Africans have risked their lives to reach the Canary Islands
EU ministers have agreed in principle to a French plan aimed at reforming immigration rules across the union.
At informal talks in Cannes, ministers from all 27 states signed a draft pact agreeing common rules on the treatment of migrants and asylum requests.
French diplomats hope to get the new rules adopted officially in October.
The ministers agreed to the plans after France dropped a controversial clause calling for migrants to be obliged to learn the host language and culture.
But the pact keeps a pledge to avoid mass amnesties for illegal migrants.
"The interior ministers gave their unanimous accord on the principles, the objectives, the presentation and the structure of the pact," said French Immigration Minister Brice Hortefeux.
He said he hoped the pact would be approved at a summit of EU leaders in mid-October.
France, which began its six-month term as chair of the EU presidency on 1 July, has voiced opposition to mass "regularisations" of illegal migrants, such as Spain's mass amnesty for about 700,000 illegal migrants in 2005.
But Spain's Interior Minister Alfredo Perez Rubalcaba said he was "satisfied" with the French draft pact, adding: "I think it's very important for us to have a common immigration policy."
There are an estimated eight million illegal migrants in the EU.

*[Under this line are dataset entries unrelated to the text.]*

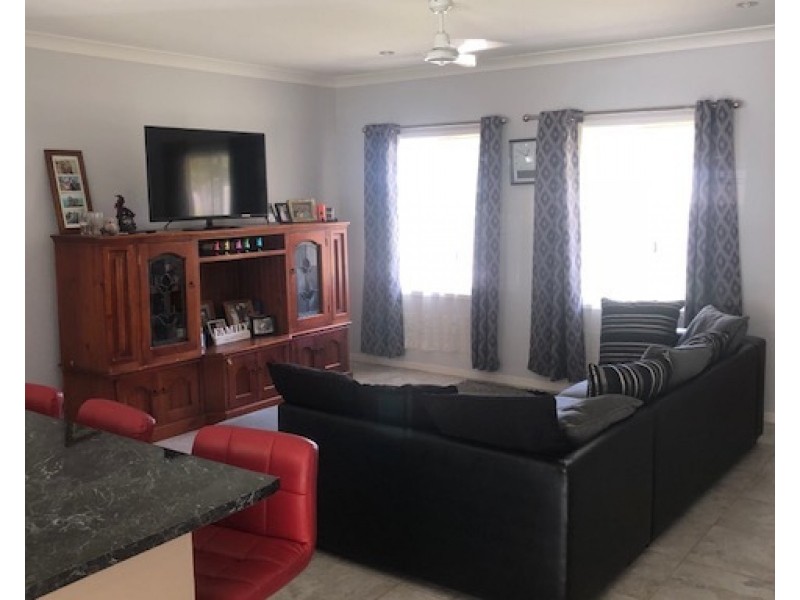 39 Canaipa Rd, Russell Island QLD 4184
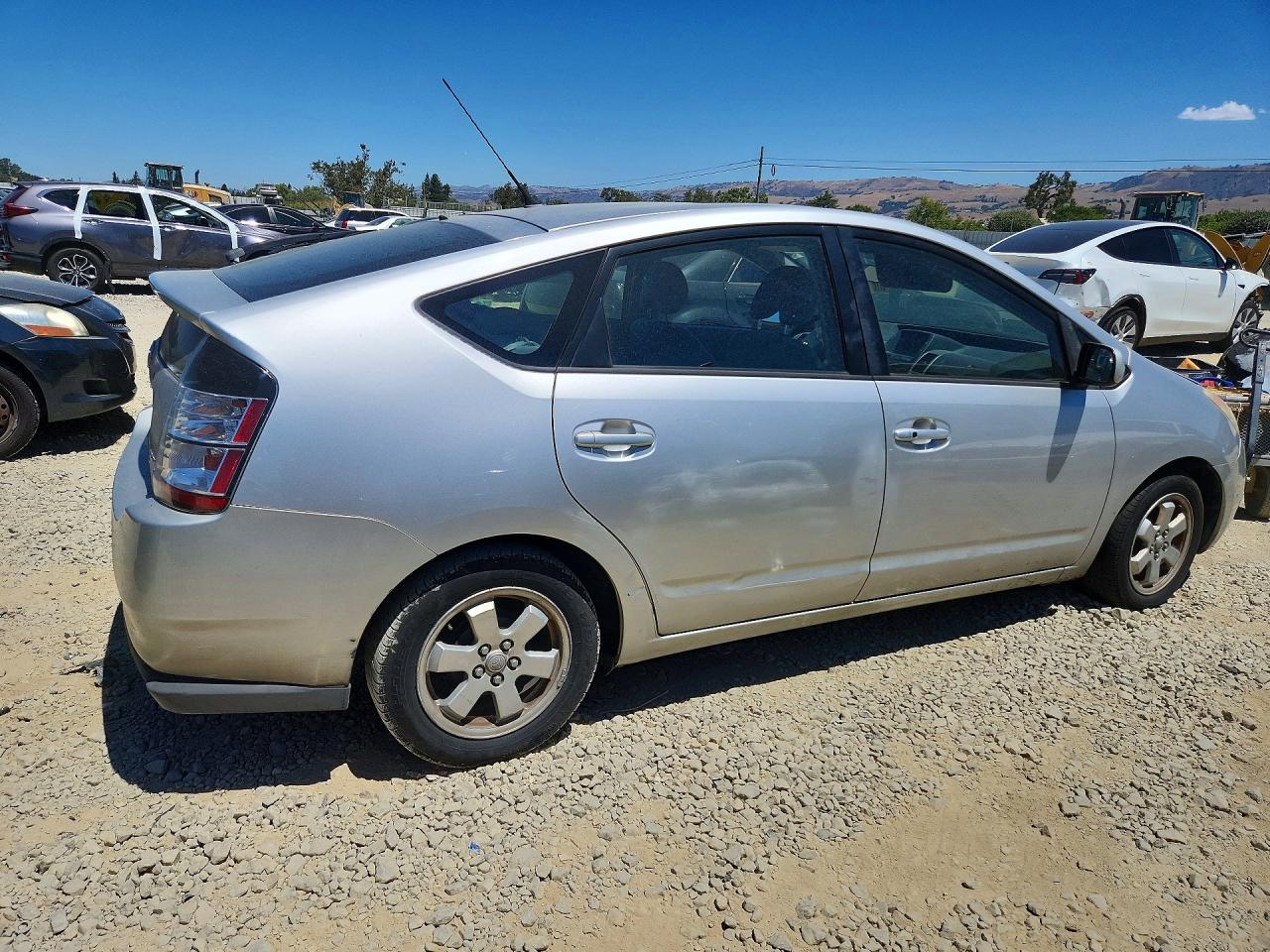 2005 Toyota Prius Base Silver vin: JTDKB20U557020986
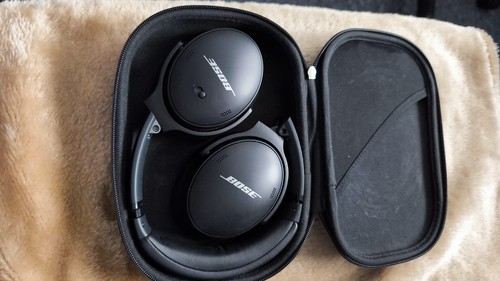 Bose quietcomfort bluetooth - quietcomfort,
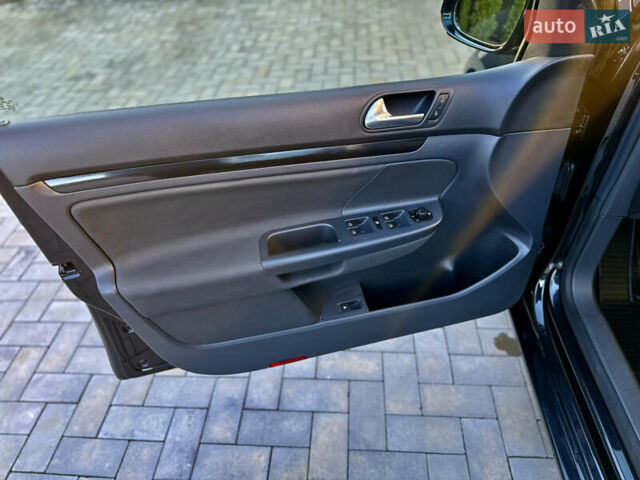 Черный Фольксваген Гольф, объемом двигателя 1.4 л и пробегом 171 тыс. км за 7500 $, фото 19 на Automoto.ua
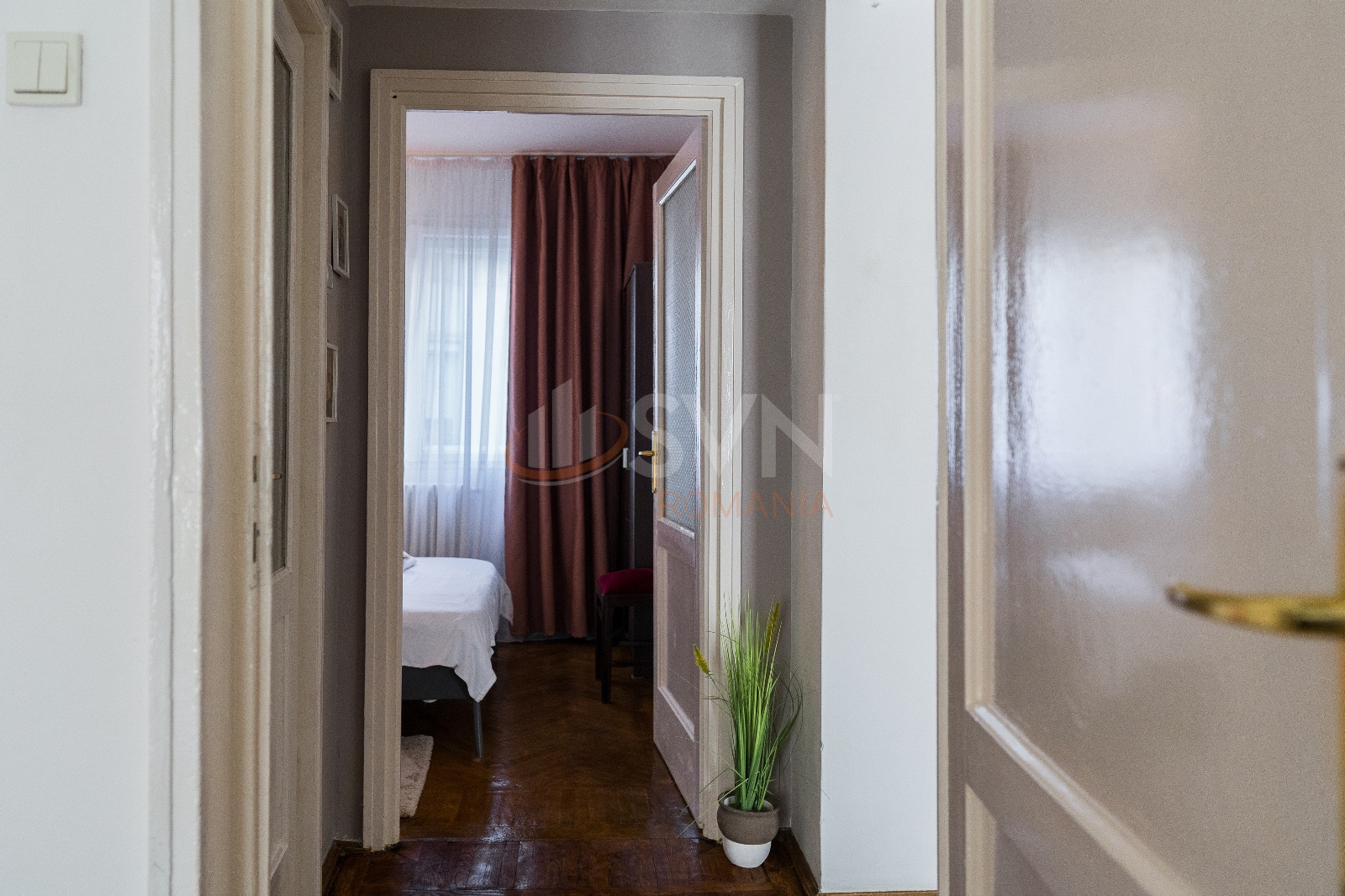 Apartament, 3 camere Bucuresti/Calea Victoriei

The pact aims to make it easier for legal migrants to fill job vacancies in Europe and integrate. With its ageing population, Europe has a continuing need for migrant labour in many sectors.
The French news agency AFP says the pact allows for migrant "regularisations" on a case-by-case basis, in accordance with national laws.

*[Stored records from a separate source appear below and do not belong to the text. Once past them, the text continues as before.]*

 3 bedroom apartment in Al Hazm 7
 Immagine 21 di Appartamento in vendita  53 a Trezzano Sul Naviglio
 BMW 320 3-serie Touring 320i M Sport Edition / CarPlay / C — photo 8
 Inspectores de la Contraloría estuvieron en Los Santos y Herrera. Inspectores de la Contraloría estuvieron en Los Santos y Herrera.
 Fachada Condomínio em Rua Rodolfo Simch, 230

It also calls for repatriation agreements with countries where necessary and for the European Commission to draft an EU plan for common EU-wide asylum procedures to be in place in 2012, AFP reports.

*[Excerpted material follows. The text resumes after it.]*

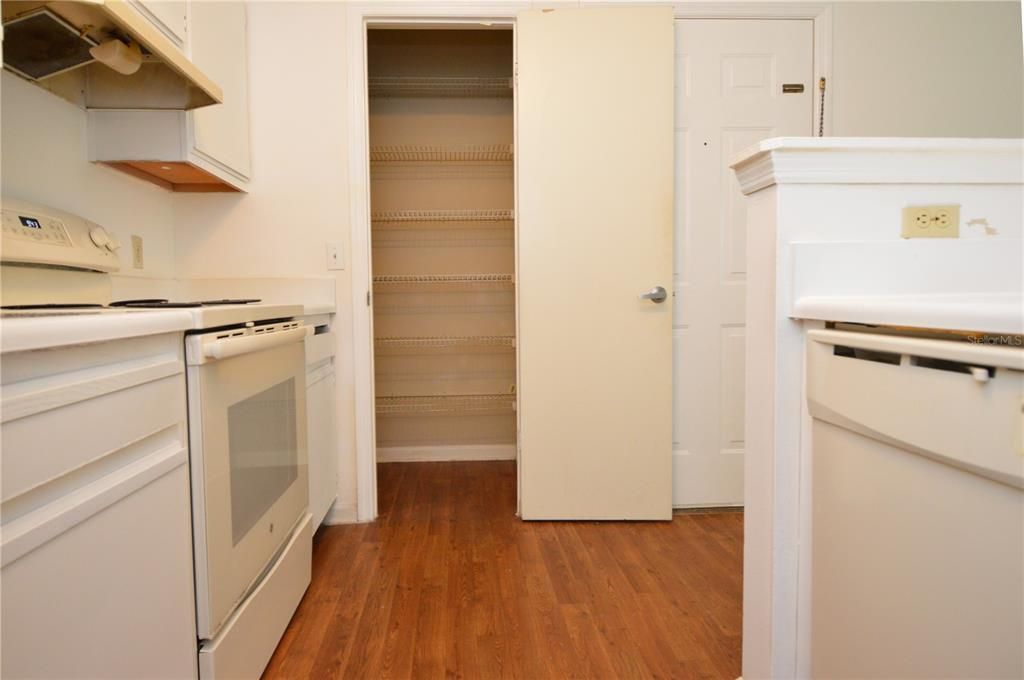 Active With Contract: $1,200 (1 beds, 1 baths, 616 Square Feet)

"We're talking about targeted and coordinated immigration - in other words, which takes account of countries' needs and their ability to host migrants, based on dialogue with the countries of origin," Mr Hortefeux said.
Spain and Malta have been struggling to cope with boatloads of African would-be immigrants in recent years.
Meanwhile, the European Commission and human rights groups have expressed concern about the Italian government's plan to fingerprint tens of thousands of Roma (Gypsies) living in makeshift camps across Italy.
The EU has already adopted new rules for detaining and expelling illegal immigrants. The "returns directive", due to take effect in 2010, allows states to hold illegal immigrants for six months, extendable by another 12 months in certain cases.
Earlier this month South American heads of state jointly condemned the returns directive. Hundreds of thousands of Latin Americans live and work in Europe, many of them illegally.
In 2005, Spain said illegal immigrants could claim work and residency papers if they could present a six-month work contract and evidence that they had lived in the country since August 2004.
Ecuadoreans were the largest group to apply under the amnesty, followed by Romanians and Moroccans.